QuackDB
Remote DuckDB analytics from Elixir, backed by DuckDB's experimental Quack protocol.
quackdb lets Elixir applications query and append to a remote DuckDB process without embedding DuckDB in the BEAM. It provides a DBConnection-first client, direct Quack protocol decoding, streaming result fetches, native append writes, source helpers for analytical files and lakehouse tables, and optional Ecto/Explorer integrations.
Warning
QuackDB itself is experimental and not production-ready. The package API, result shapes, Ecto adapter behavior, and supported type coverage may change as the project evolves. It also targets DuckDB's experimental Quack protocol, which may change across DuckDB releases. Use it at your own risk, validate behavior against your DuckDB version, and avoid relying on it for critical production workloads yet.
Status
QuackDB currently focuses on the remote protocol and DBConnection client core. It supports:
DBConnection-backed remote DuckDB queries over Quack HTTP endpoints- streaming and fetch continuation for large analytical result sets
- native append writes through DuckDB
DataChunks viaQuackDB.insert_rows/4 - rich DuckDB scalar fidelity including decimals, UUIDs, enums,
BIGNUM, nanosecond temporal values, intervals, andTIME WITH TIME ZONE - nested DuckDB values such as
LIST,STRUCT,ARRAY, andMAP - source helpers for Parquet, CSV, JSON, XLSX, Delta, and Iceberg table functions
- column-oriented result helpers for analytical/vector-style workflows
- optional Ecto SQL adapter support for raw SQL, analytical reads,
insert/2, andinsert_all/3 - optional Explorer dataframe handoff helpers
- supervised local DuckDB Quack server processes for development
Raw SQL can use the full DuckDB surface. Ecto query generation is growing toward analytical DuckDB usage while keeping unsupported features explicit.
Why QuackDB?
Use QuackDB when you want DuckDB's analytical SQL from Elixir while keeping DuckDB in a separate process.
That gives you:
- a normal OTP/
DBConnectionclient surface - remote DuckDB execution instead of embedding native database state in your BEAM
- efficient protocol-level result decoding
- explicit unsupported-feature errors instead of silent lossy behavior
- optional Ecto and Explorer layers without making them required
Installation
Add :quackdb to your dependencies:
def deps do
[
{:quackdb, "~> 0.2.0"}
]
end
DuckDB's Quack protocol is currently experimental. For local testing, use DuckDB 1.5.3 or newer with the quack extension.

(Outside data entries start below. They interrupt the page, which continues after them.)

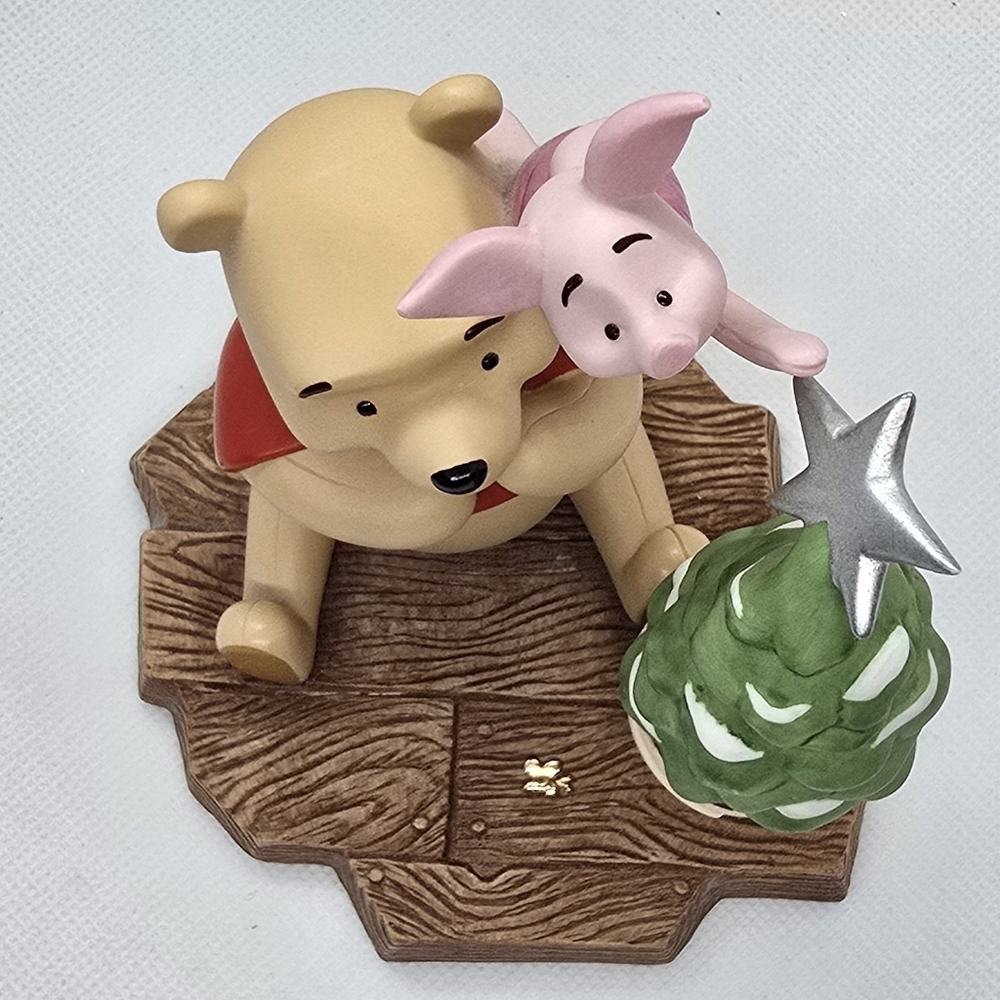 Vintage Disney Winnie the Pooh and Piglet Christmas Figurine Pooh & Friends 1998 - Picture 5 of 7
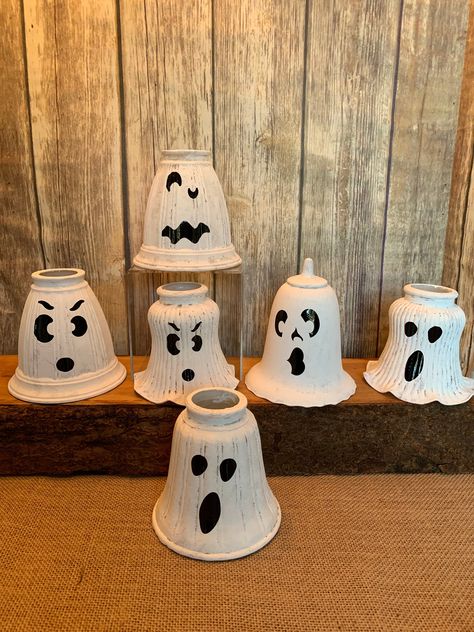 Halloween Decor Diy Indoor, Haunted House Halloween Decor, Halloween Tiered Tray Decor, Light Halloween, Ghost Crafts, Fall Decor Diy Crafts, Ghost Ghost, Halloween Wood Crafts, Ghost Lights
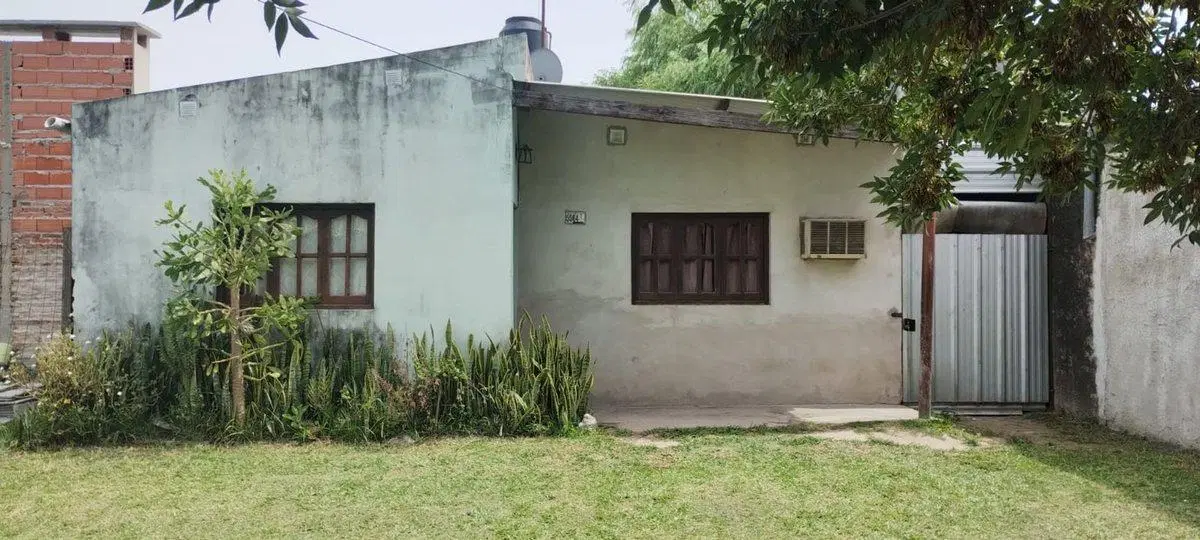 Se vende casa 2 dorm-Barrio Asunción-Reconquista 4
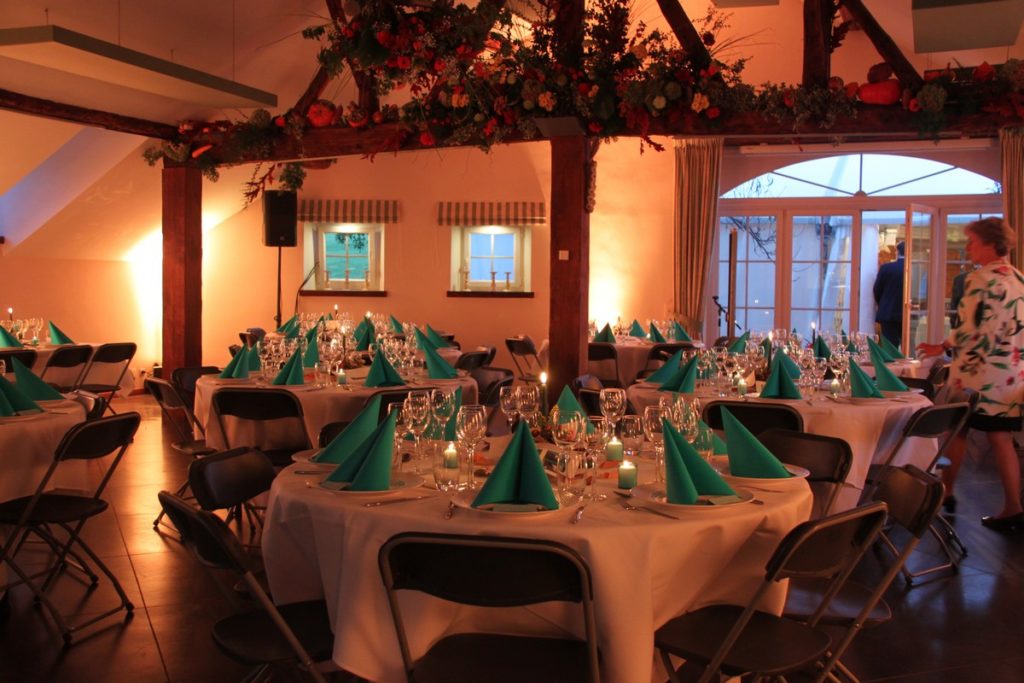 Salle du Géant Gîtes*** et salles de réception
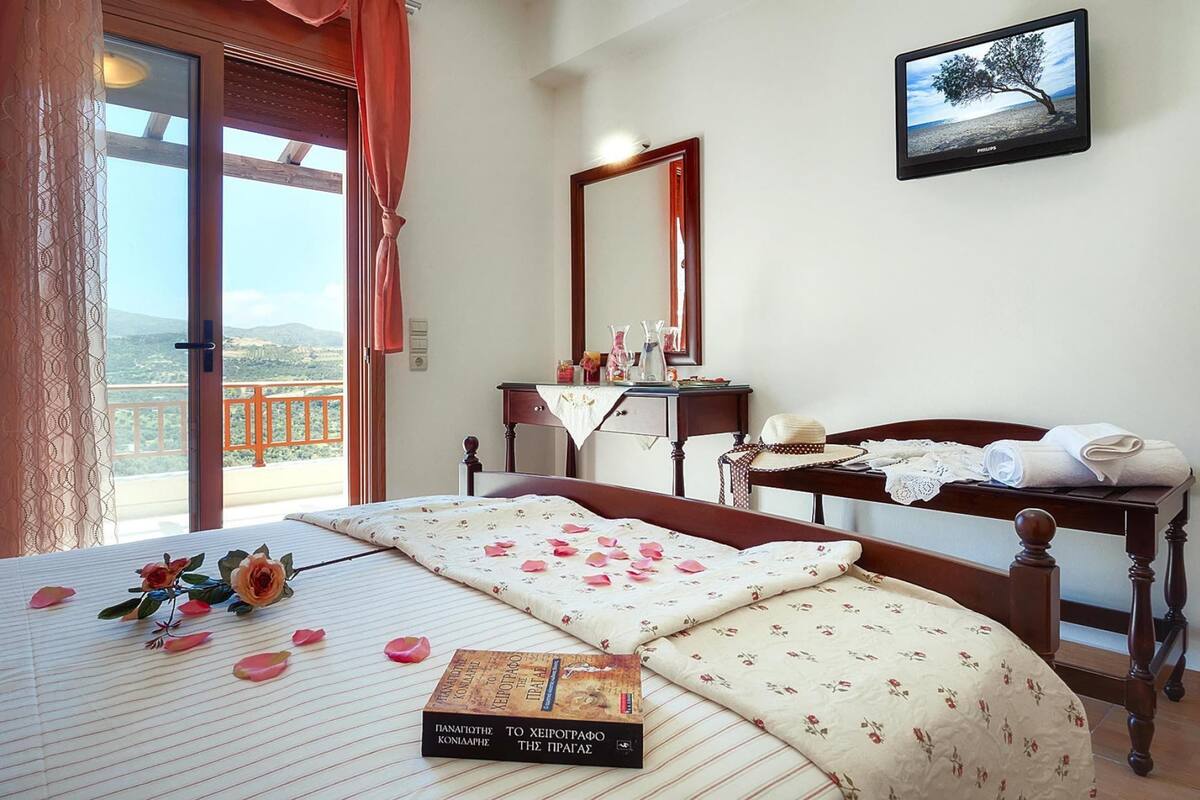 2 bedrooms, individually furnished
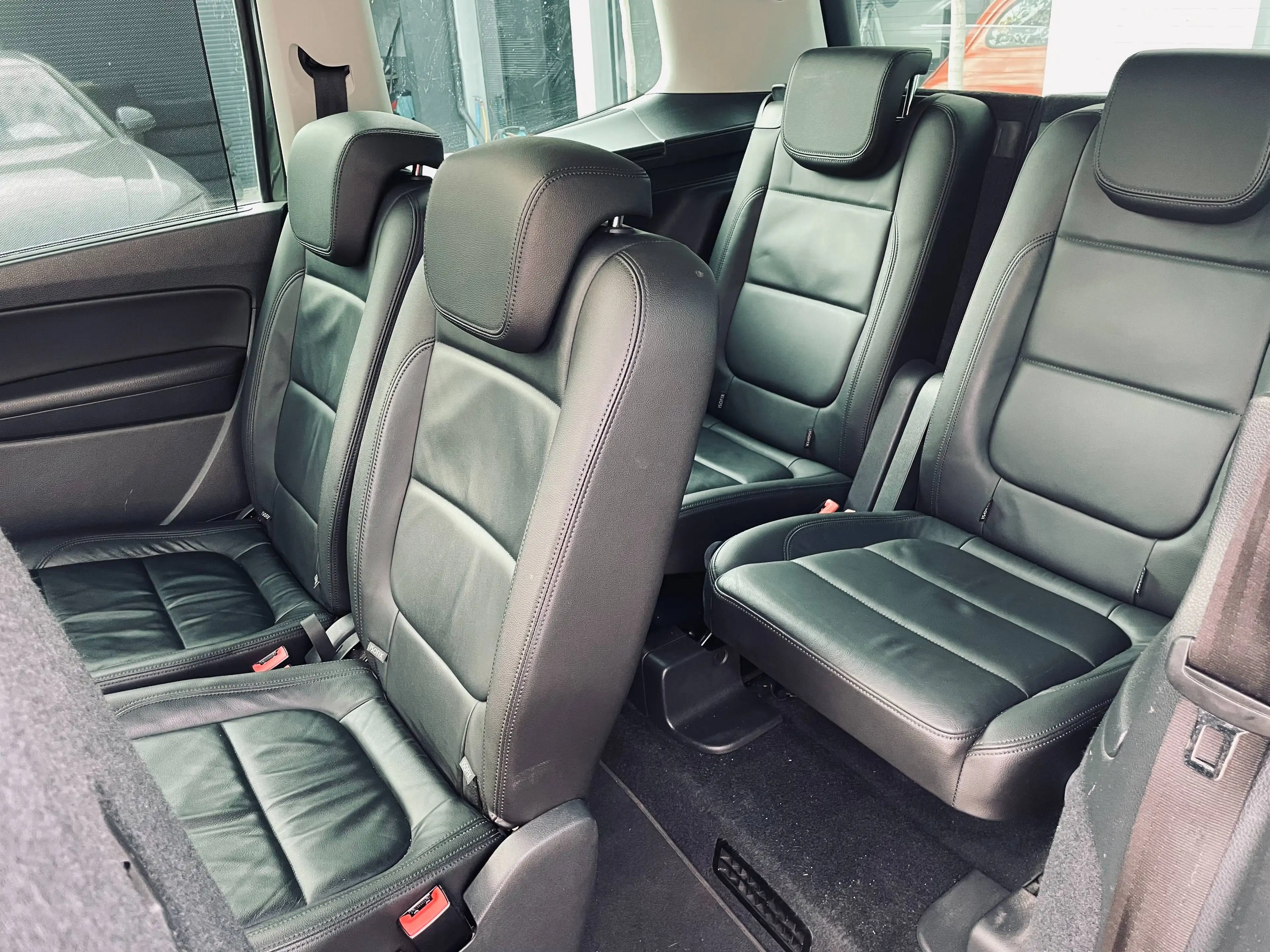 Volkswagen Sharan Sharan 1.4 TSI Highline BMT DSG 7 Places Full Cuir Clim Bt/Auto Gps Toit Pano Camera !!! — photo 8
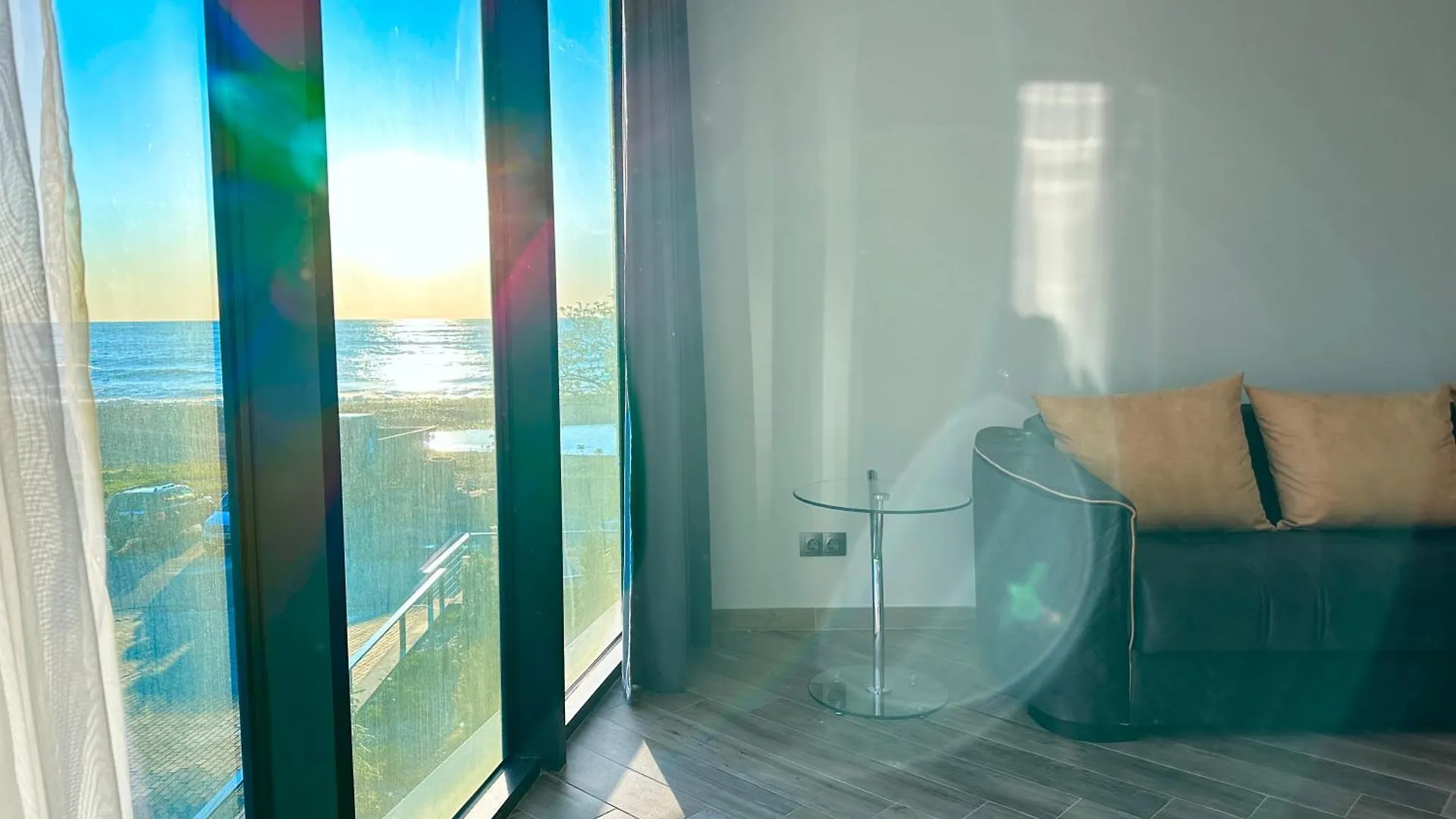 Tg Wild Beach & Pool In Chakvi Apartment Batumi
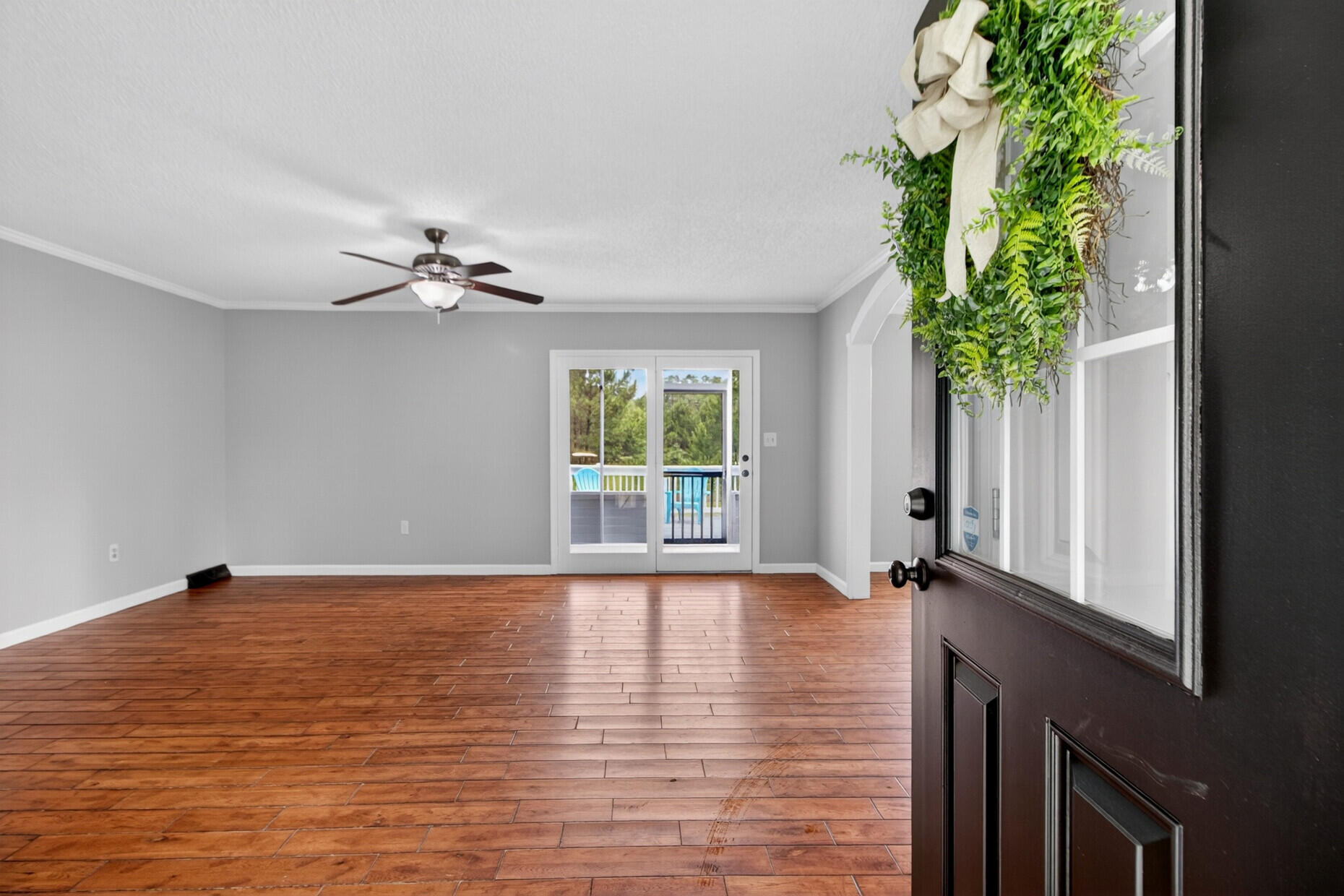 1824 Highway 61 Ridgeville, SC 29472 - Photo 5 of 35 5. Huge family room
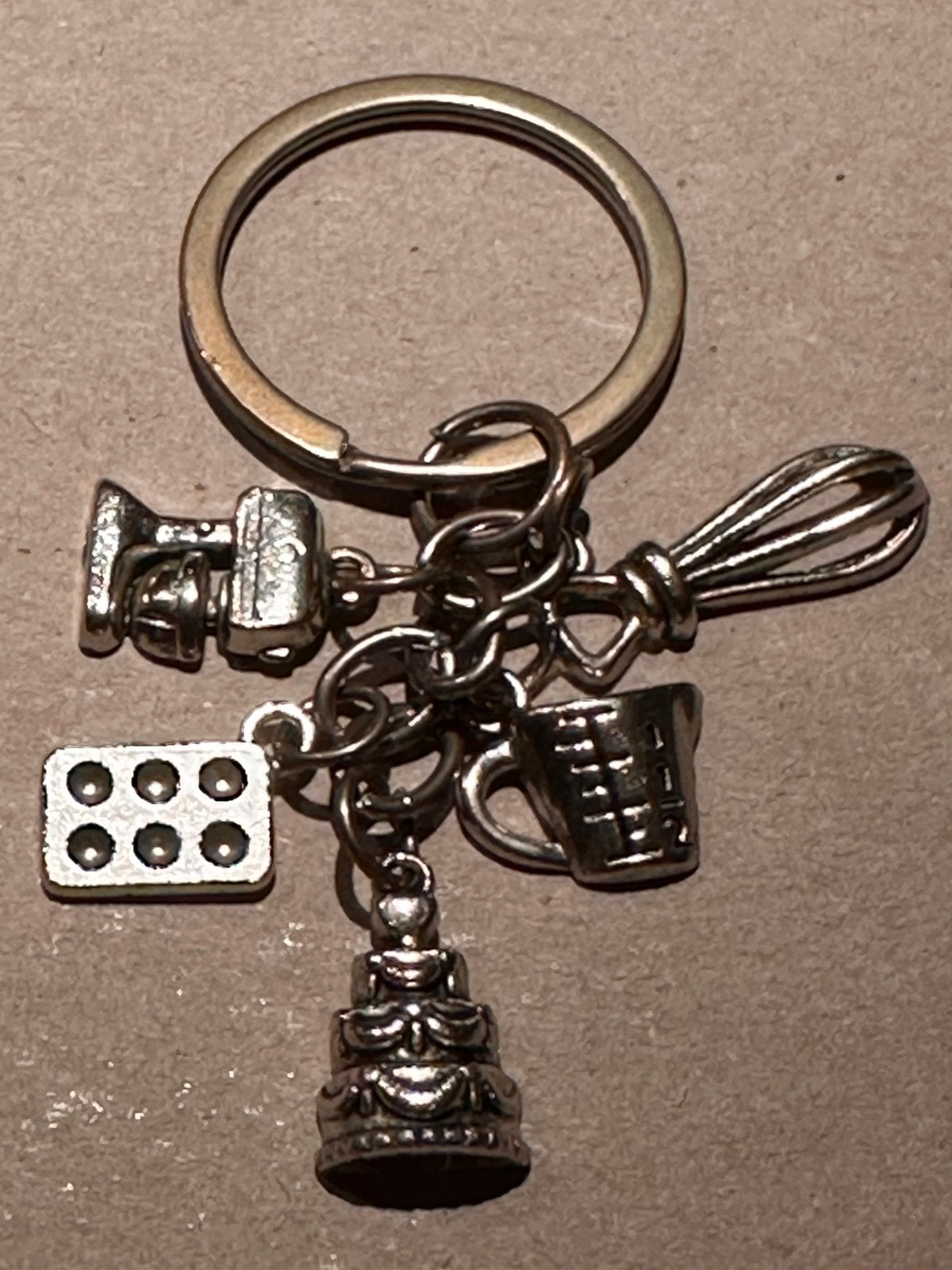 Sleutelhanger. Bakvormen en bakgereedschap heel Holland bakt, Overige typen, Ophalen of Verzenden, Nieuw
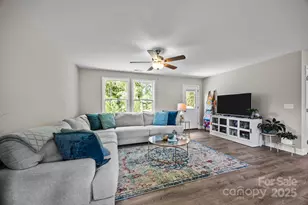 458 Summer Rd, Hendersonville, NC 28792 - Photo 11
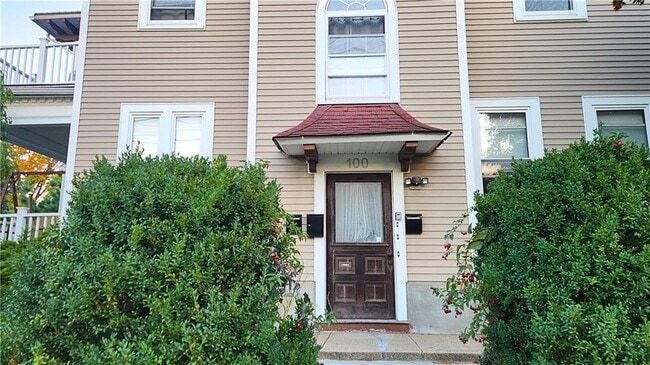 309 Carrington Ave in Woonsocket, RI - Building Photo - Building Photo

Optional integrations are compiled only when their packages are available. Add Explorer when you want dataframe handoff helpers:
def deps do
[
{:quackdb, "~> 0.2.0"},
{:explorer, "~> 0.11"}
]
end
Start a DuckDB Quack server
For local development, QuackDB can supervise DuckDB's external CLI process for you:
children = [
{QuackDB.Server,
name: MyApp.DuckDB,
endpoint: "quack:localhost:9494",
uri: "http://[::1]:9494",
token: "super_secret"},
{QuackDB,
name: MyApp.QuackDB,
uri: "http://[::1]:9494",
token: "super_secret"}
]
Or start DuckDB manually:
duckdb -interactive -init /dev/null \
-cmd "LOAD quack; CALL quack_serve('quack:localhost', token='super_secret');"
quack:localhost may bind on IPv6 localhost, so the examples use http://[::1]:9494.
Usage
Connect
{:ok, conn} =
QuackDB.start_link(
uri: "http://[::1]:9494",
token: "super_secret"
)
Query
:ok = QuackDB.ping(conn)
{:ok, result} = QuackDB.query(conn, "SELECT 1 AS n")
result.columns
#=> ["n"]
result.rows
#=> [[1]]
QuackDB formats positional parameters as DuckDB SQL literals client-side because the current Quack request path does not expose server-side bind parameters:
{:ok, result} = QuackDB.query(conn, "SELECT ? AS name, ? AS n", ["duck", 42])
result.rows
#=> [["duck", 42]]
Placeholders inside strings and comments are ignored while formatting, and unsupported parameter values raise explicit errors.
Results use compact IEx-friendly inspection so large result sets do not flood the console:
#QuackDB.Result<command: :select, columns: ["n"], rows: 1, preview: [[1]], connection_id: "...", needs_more_fetch?: false>
Nested DuckDB values
DuckDB nested types decode to ordinary Elixir terms:
{:ok, result} =
QuackDB.query(conn, """
SELECT
[1, 2, 3] AS xs,
{'name': 'duck', 'count': 2} AS obj,
array_value(1, 2, 3) AS arr,
map(['a', 'b'], [1, 2]) AS m
""")
result.rows
#=> [[[1, 2, 3], %{"name" => "duck", "count" => 2}, [1, 2, 3], %{"a" => 1, "b" => 2}]]
Source helpers
DuckDB can scan files, object stores, and lakehouse table formats directly. QuackDB.Source builds safe table-function fragments for raw SQL:
source =
QuackDB.Source.parquet("s3://bucket/events/*.parquet",
hive_partitioning: true,
union_by_name: true
)
QuackDB.query!(conn, ["SELECT category, count(*) FROM ", source, " GROUP BY category"])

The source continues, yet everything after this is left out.